Went to the mall last week and bought some maternity clothes - I only had 1 pair of long pants, and no sweaters that fit me, so that was fun. Can someone tell me why the waistbands of maternity pants are always navy blue? This really bothers me. Because if I'm wearing a shirt that doesn't correspond with navy, and some of the waistband peeks out, I can't just pass it off as an undershirt. But your only choices are navy blue and now (I think this is new) nude. The idea behind the nude waistband is that if some of it shows, it just looks like your skin. Which is just dandy, as long as you're white. Wasn't there an issue with the crayons a while back? And the band-aids? This just seems to me like a lawsuit waiting to happen. (I bought em anyway. Because, well, I really hate the navy blue ones. And I am white, after all.)

These pants come with specific instructions on how to put them on. Really? Can it really be that confusing? If I were raised by wolves, maybe I would need these instructions. But if I were raised by wolves, I probably wouldn't be at the mall shopping at Motherhood Maternity.

When you walk into this store, the staff cheerfully says "Welcome to Motherhood!" It's a little play on words, see. It bugged the crap out of me. I don't know why. They were very nice, attentive ladies and they were only doing their job. Although I was glad when someone showed up who needed to be measured for a bra, because that meant they stopped following me around. I considered buying a bra but the whole getting-felt-up-by-a-stranger-at-the-mall thing has never been appealing to me. And they would have insisted. That's just how attentive they were.

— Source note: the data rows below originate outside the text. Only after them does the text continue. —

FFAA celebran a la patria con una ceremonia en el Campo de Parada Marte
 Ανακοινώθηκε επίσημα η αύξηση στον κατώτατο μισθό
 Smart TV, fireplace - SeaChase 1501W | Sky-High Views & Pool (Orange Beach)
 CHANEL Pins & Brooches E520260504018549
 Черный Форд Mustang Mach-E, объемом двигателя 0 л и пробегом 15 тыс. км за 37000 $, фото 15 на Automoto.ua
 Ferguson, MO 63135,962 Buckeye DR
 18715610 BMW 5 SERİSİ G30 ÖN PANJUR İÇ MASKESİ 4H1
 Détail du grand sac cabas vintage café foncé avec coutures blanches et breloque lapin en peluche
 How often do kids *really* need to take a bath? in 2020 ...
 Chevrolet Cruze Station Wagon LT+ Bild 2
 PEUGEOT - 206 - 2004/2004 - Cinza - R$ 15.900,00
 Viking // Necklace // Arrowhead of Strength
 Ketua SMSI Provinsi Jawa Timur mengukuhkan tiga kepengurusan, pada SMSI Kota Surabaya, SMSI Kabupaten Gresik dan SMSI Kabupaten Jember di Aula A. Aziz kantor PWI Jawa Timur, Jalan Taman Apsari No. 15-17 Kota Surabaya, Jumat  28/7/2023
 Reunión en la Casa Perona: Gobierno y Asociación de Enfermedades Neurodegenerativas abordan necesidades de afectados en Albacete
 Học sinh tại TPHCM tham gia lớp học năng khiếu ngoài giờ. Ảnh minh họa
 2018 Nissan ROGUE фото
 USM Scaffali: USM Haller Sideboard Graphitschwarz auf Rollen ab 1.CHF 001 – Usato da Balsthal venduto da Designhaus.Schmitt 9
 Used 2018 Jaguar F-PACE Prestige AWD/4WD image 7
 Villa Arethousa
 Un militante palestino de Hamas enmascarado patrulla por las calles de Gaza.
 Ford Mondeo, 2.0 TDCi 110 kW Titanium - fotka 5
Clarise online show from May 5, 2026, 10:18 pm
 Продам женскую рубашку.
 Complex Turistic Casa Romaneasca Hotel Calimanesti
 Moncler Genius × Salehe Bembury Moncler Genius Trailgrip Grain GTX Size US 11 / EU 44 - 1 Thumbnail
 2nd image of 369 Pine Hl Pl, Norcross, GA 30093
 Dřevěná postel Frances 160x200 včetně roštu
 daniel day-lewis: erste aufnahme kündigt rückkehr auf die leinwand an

Tomorrow my cable gets hooked up. It took me two days of talking to various people at Time Warner Cable to convince them to sell me cable. They kept insisting that they were not the service provider in my area. All the other big companies insisted that they were, plus I had physical proof. ("Look, you guys have a van parked outside my building RIGHT NOW. Here, talk to Charlie.")

So if you don't hear from me for a few days, I've passed out under the influence of too many episodes of "A Baby Story".